建物に階段があったり制度が発展していなかったり難しいことはたくさんありますが、障害者自身が他の健常者と変わらないような生活を送ってはいけない、送れないと思っている、そう思わされてきたことが支援を難しくさせていると思います。
ではどうしたらこの状況を改善していけるでしょうか。その答えは経験を積んで、自信を取り戻していくことです。自立生活センターでは、自立生活プログラムといったプログラムを自立を目指している障害者に向けて行なっています。 内容としては、調理実習や外出プログラム、介助者との関係、制度の使い方等個別や集団で行います。なぜ大人になって簡単な調理の実習をしなければならないのでしょうか。

そこに気づいたあなたはとてもいいセンスがあると思います。だって大の大人が中学校でやるような調理実習をするわけです。おかしいですよね。でも私たちはそれをしなければならない。普通の子供だったら4,5歳になれば台所に行き大人の料理の手伝いをしたり、勝手に目玉焼きを作ってみたり、ホットケーキを焼いてみたりします。それが必ずしもうまくできるとは限りませんが、焦げたり苦かったりした経験を生かして次はまた上手になっていくのです。しかし障害者はどうでしょう。とりわけ生まれた頃から重度の障害を持っているものは、そういった子供の頃の経験が全くありません。

しようと思っても親や施設職員に危ないからと言って止められて、経験を積むことができないのです。分かりやすく説明をすると、すべて奥さんに料理等を作ってもらっていた男の人が奥さん亡き後、出来合いのものばかり食べるといったような具合です。
人は経験により色々なことを知り学び、生活に活かしています。電車の乗り方も同じです。健常な人達は、子供の頃友達同士で隣町に遊びに行ったりした時に、初めて電車を使います。その時切符の買い方を間違えたり、色々な失敗もあるでしょう。そんな経験を通して大人になったらいとも簡単に電車に乗り目的地までたどり着くことができるのです。


しかし障害を持っていると一人でどこかへ行くということができません、させてもらえませんというほうが正しいのかもしれません。なぜさせてもらえないのかと言うと、途中で怪我をしたり何を何かあったらどうするんだ、という優しさゆえからかもしれません。しかしこの優しさや管理されてきたことによって障害者は生きる力を奪われているのです。
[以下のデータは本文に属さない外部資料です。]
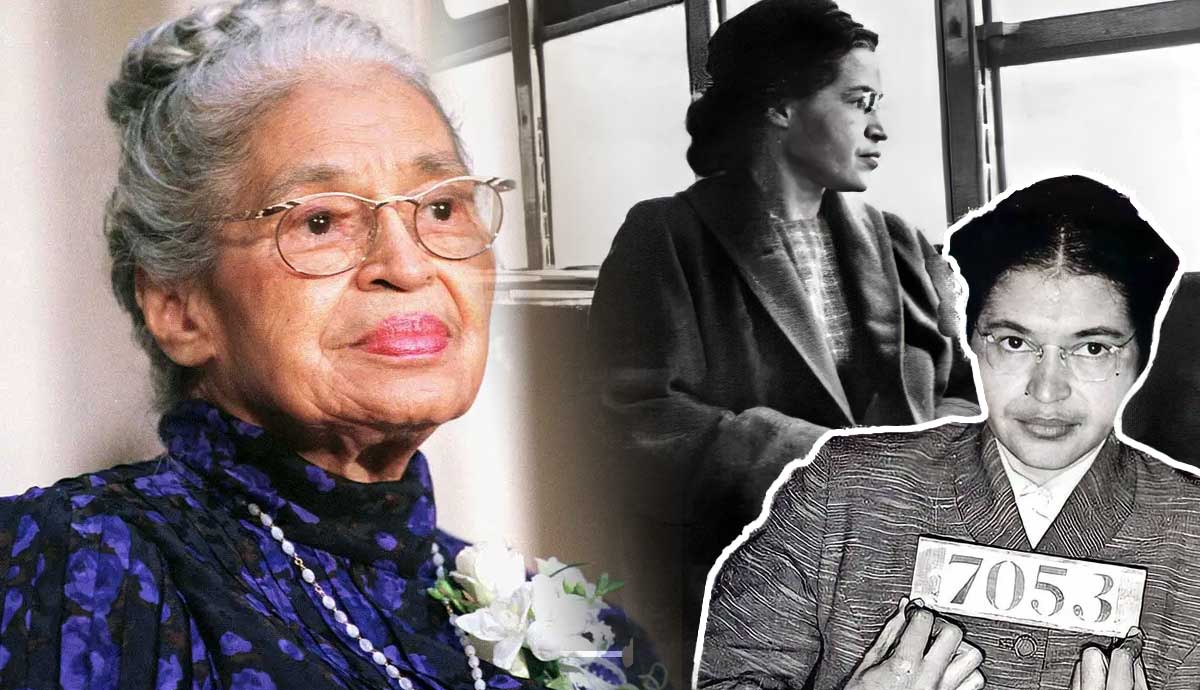 What Is Rosa Parks Known For What Is Rosa Parks Known For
経験さえ積んでいれば、なんだってできたことがあるかもしれない。しかしその経験をさせてもらえないことで分からないことがたくさんある。分からないから自分にはできないと思ってしまって自信が出ない。その自信を取り戻すために、プログラムをします。この中で大事になってくるのは失敗してもいいということです。人は失敗の中から多くを学びます。そして子供の頃にする失敗というのは、年齢のおかげで大体許されることが多いです。しかし大人になると人は失敗することをすごく怖がるようになります。それは障害を持った人も同じで、失敗することは悪いこと、恥ずかしいことという風に捉えてしまいます。ですがこれまで経験していなかったことを失敗するということは当たり前ですから、失敗していいんですよということを伝えることが大事です。

と言ったように障害者が自立をする上で障壁となっているのは、様々な社会問題とともに、障害者自身が自信を持てない自信を持たせてもらえなかったというところが大変重要です。

自立生活センターのような NPO 法人がやれる業務量というのは限界がありますが、それでも一人でも多くの障害者が本来持てているはずであった自信を取り戻して、いろんなことに挑戦できるような環境を整えていく必要がこれからさらに求められていると思います。